At the end of the project, they were really happy with me and the site, and I made my pitch. I said — we have all this marketing stuff on the web to get students here. But shouldn’t we be using the web as a way of teaching our students as well?

Let me stop here and say this was not a novel insight in 1996. If you’re my age in instructional technology you have a story like this too. The weird thing about the mid-90s was that innovative thinking was pretty common, much more than it is now. What I was saying at the time seemed like common sense.

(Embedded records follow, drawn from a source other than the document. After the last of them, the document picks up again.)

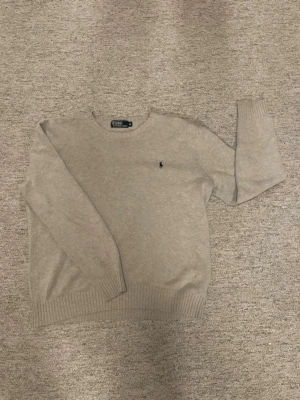 Beige stickad tröja från Polo Ralph Lauren - Snygg beige stickad tröja från Polo Ralph Lauren med klassisk rund hals och diskret logga broderad på bröstet. Tröjan har ribbade muddar vid ärmslut och nederkant, perfekt för lager-på-lager och chill stil.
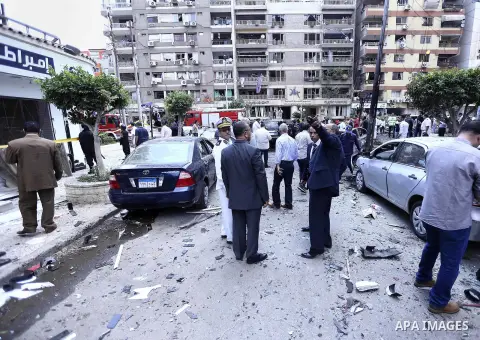 Forensic detectives gather at the site of a bomb that targeted the convoy of the Egyptian state prosecutor, Hisham Barakat, in the capital Cairo on June 29, 2015. Egypt's state prosecutor was wounded when a powerful bomb...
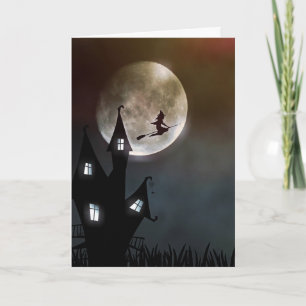 Halloween with witch flying in the moon and house card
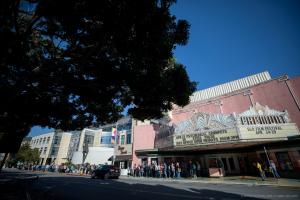 Exterior of vintage Fremont Theater in San Luis Obispo, California with people lined up out front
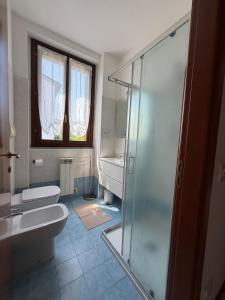 a bathroom with a shower and a toilet and a sink at Ambra House in Piacenza +11 photos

Anyway, I said — here’s my idea. Instead of the students writing throwaway papers in English composition, we have the students build an online encyclopedia. We’ll start with an online encyclopedia of biography. We’ll call it the Persona Project. Freshmen will spend time researching a historical figure, but they’ll being doing real work, that will be read by real people. Eventually we’ll have a wide-ranging encyclopedia other students can use.

It was 1997 by then, so they were like — well, this kid is the web expert, this must be what people do on the web. They actually gave me two months paid time to pull the whole thing together.

And so we built it, and put out a press release, and recruited professors.Got coverage in the student newspaper. Etc. Etc. And we put it up. Here’s a sample student article from the project (most of those other names are stubs, we only had success that first year with one faculty member).

persona-project

And then…I left.

I had just gotten married, and I’d decided to take the Masters degree and head out to Seattle.

So the site just sat there, unused, a collection of stubs with a smattering of student articles. About ten years later they took it down. It changed my life: it got me into educational technology, which has more or less been my field since then, and it still forms the model of so much of what I try to do in my work with professors and students.

But the site itself? It died. It was my first lesson in what has been a recurring theme throughout my life: People make things possible. Institutions make them last.

I had worked my heart out for this thing, evangelized widely, written up the prototypes and the stubs, explained it to the college. But I hadn’t institutionalized it. And so it was bound to die the minute I left.

Why do I mention this? Partially because I am prone to occasional bouts of nostalgia. But also because I want to respond to a lengthy (and good) Twitter debate about the value of OER as a path to Open Pedagogy.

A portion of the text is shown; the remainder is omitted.